The ecosystem Facebook have around social interaction means there are many touch points now WhatsApp and Instagram are part of the Facebook family. WhatsApp would seem like the most obvious day-to-day application for introducing payments and using blockchain technology could help Facebook introduce a common mechanism across the ecosystem that works between boarders, users and the various apps.
This mobile-first payments approach is what AliPay and WeChat have succeeded with in Asia, where the use of QR codes and payments through apps far outweigh the use of card payments and cash. You need only look at the size and success of Ant Financial to understand the rewards on offer to a company getting this right, and no one has yet introduced a true version of this approach that works in the west.
Now all this sounds like a good thing, but one of the reasons this has been so successful for companies in China is the looser regulatory framework. Facebook will have more regulations to comply with, however their track record with privacy is not great. Do we want a company like Facebook getting greater access to a person’s financial situation? Something that they will have to now build is an appropriate way to accurate identify their users — ensuring someone is who they say they are. This requires access to more personal info and potentially sensitive documents.
If you and I want to buy Libra, you’ll be able to so through the Calibra wallet, and Facebook will be introducing this to their users. Calibra is where this identifying work will be done. Calibra will likely include other cryptocurrencies as part of a ‘digital exchange’ — potentially introducing Bitcoin to a global network. Potentially a good move for Facebook, as they will get yet more data, but do we want them in this space?
What does this mean for finance and the future of money?
It’s early days, but the potential is there for this to be the first true digital currency solution with global reach. It will no doubt occupy board room agendas within finance. Simply because of the players involved, it shouldn’t be underestimated.
It sounds like by meeting with a number of large financial institutions (which reportedly includes the BoE) they are recognising the broad impact that this could have on the payments rails and looking to get support. The BoE have previously looked into using blockchain to support digital currency and they will no doubt be monitoring any progress closely.
If Facebook does prove that blockchain technology can efficiently provide the rails for a new payment mechanism at scale, this will have huge ramifications. Expect central banks to eventually look again at blockchain and then respond through both regulation and modernising their own rails. In the shorter term, keep an eye out for some push back in the form of regulators blocking moves without more reassurances.

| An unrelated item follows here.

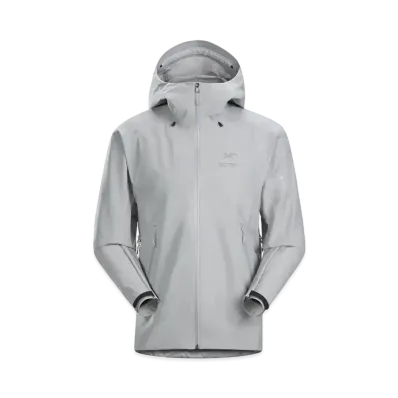 ARC TERYX BETA LT JACKET 26844 "Pixel" 26844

One of the key issues here is actually going to be who does regulate it given the system’s reach will be global. It will likely be tricky to mould the entire blockchain network to the specific demands of various jurisdictions. This is the contradiction of a boarderless system and might be the biggest reason for getting Visa and Mastercard involved in the Alliance.
Stablecoins are the logical first step to bring blockchain to the masses… but where does it go from here? Will we see this become a permissionless arrangement that looks far more ‘crypto’ like in the future once the problems have been solved? Libra say they will look to eventually build this out into a wider public version, but this is likely to be incredibly complex.
Ultimately, there is a potential to bring benefits to consumers and Facebook have the right track in delivering user friendly solutions the people like. However, it’s track record in handling personal data is not so great and therefore it is important that this is scrutinised to ensure that the mechanisms are trustworthy.